— RECORD SET —

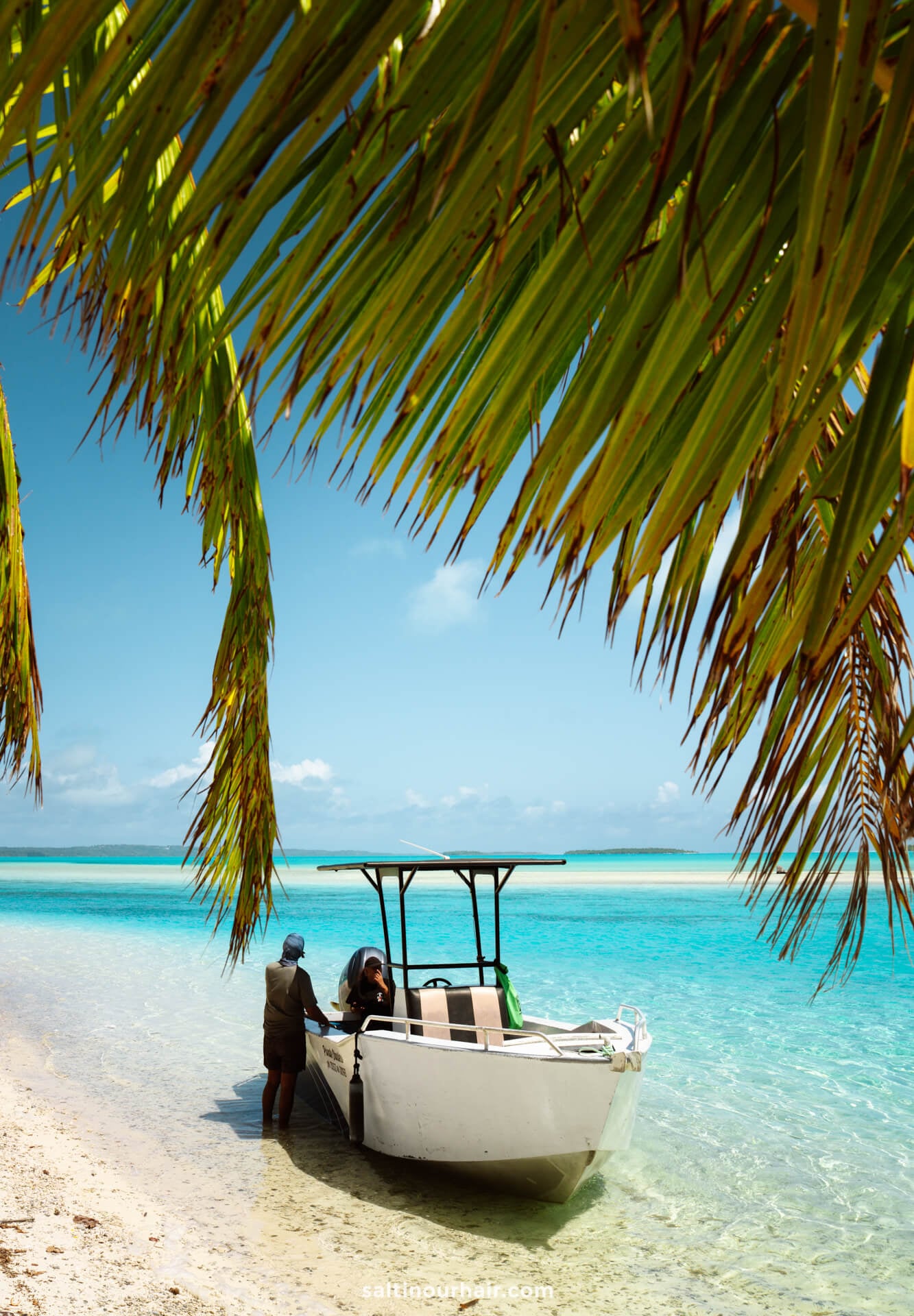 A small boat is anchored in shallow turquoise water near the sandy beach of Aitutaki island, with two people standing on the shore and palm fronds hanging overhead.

--

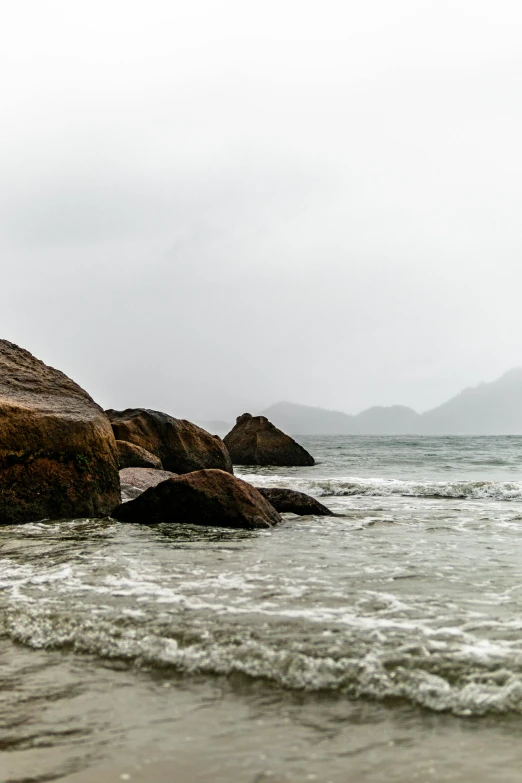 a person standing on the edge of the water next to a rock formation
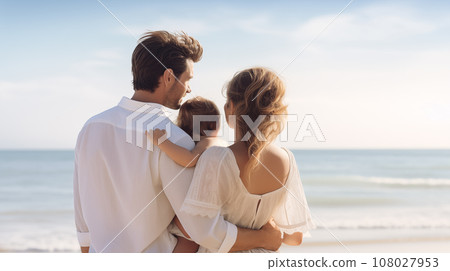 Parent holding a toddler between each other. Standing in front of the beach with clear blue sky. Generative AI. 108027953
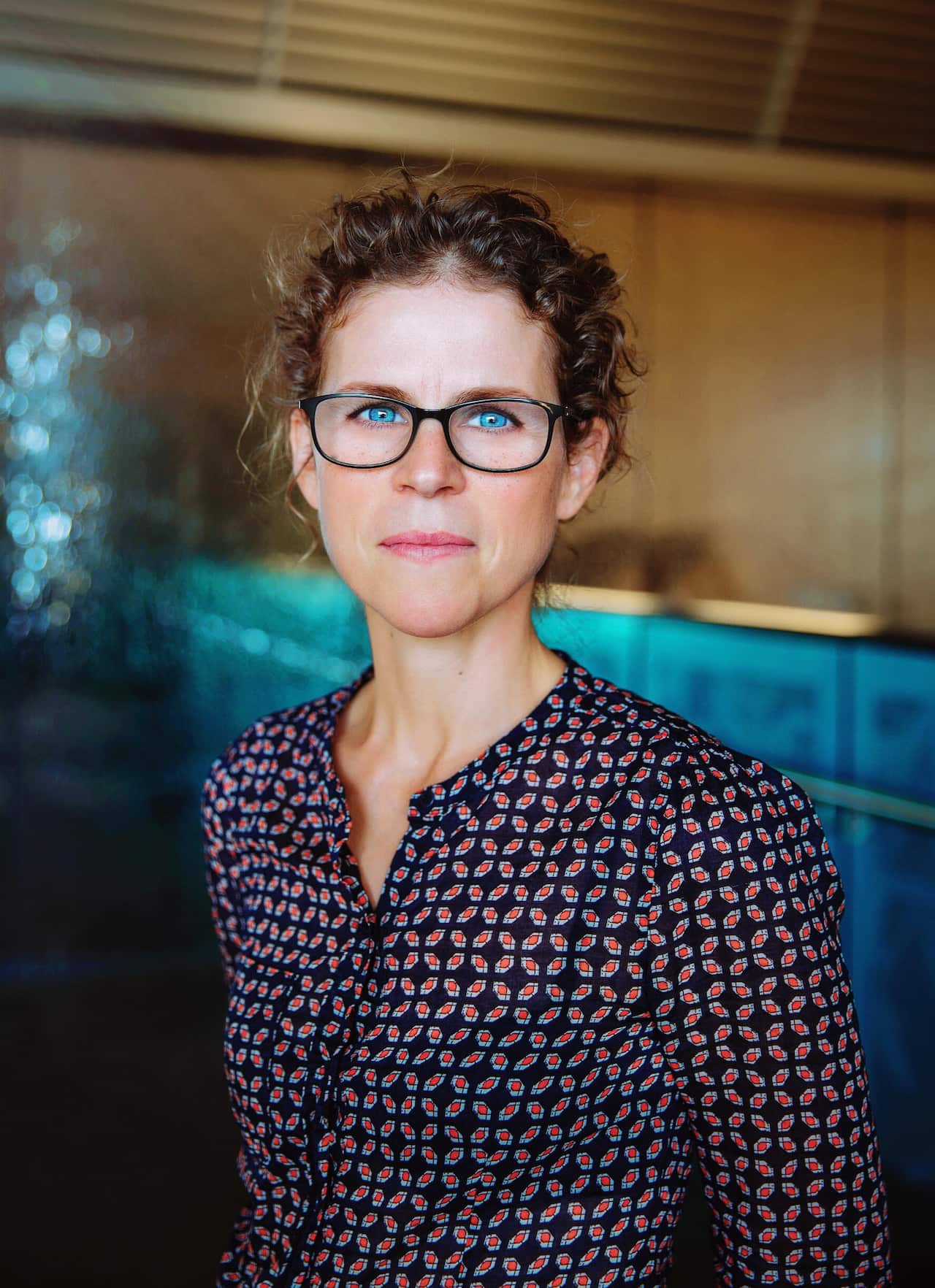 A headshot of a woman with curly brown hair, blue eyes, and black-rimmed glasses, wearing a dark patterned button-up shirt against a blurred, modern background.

— TASK GOAL —
Pictures in the material above should be skipped; print exactly the lines from the one with "a person standing" through the one with "A headshot of".

— RESULT —
 a person standing on the edge of the water next to a rock formation
 Parent holding a toddler between each other. Standing in front of the beach with clear blue sky. Generative AI. 108027953
 A headshot of a woman with curly brown hair, blue eyes, and black-rimmed glasses, wearing a dark patterned button-up shirt against a blurred, modern background.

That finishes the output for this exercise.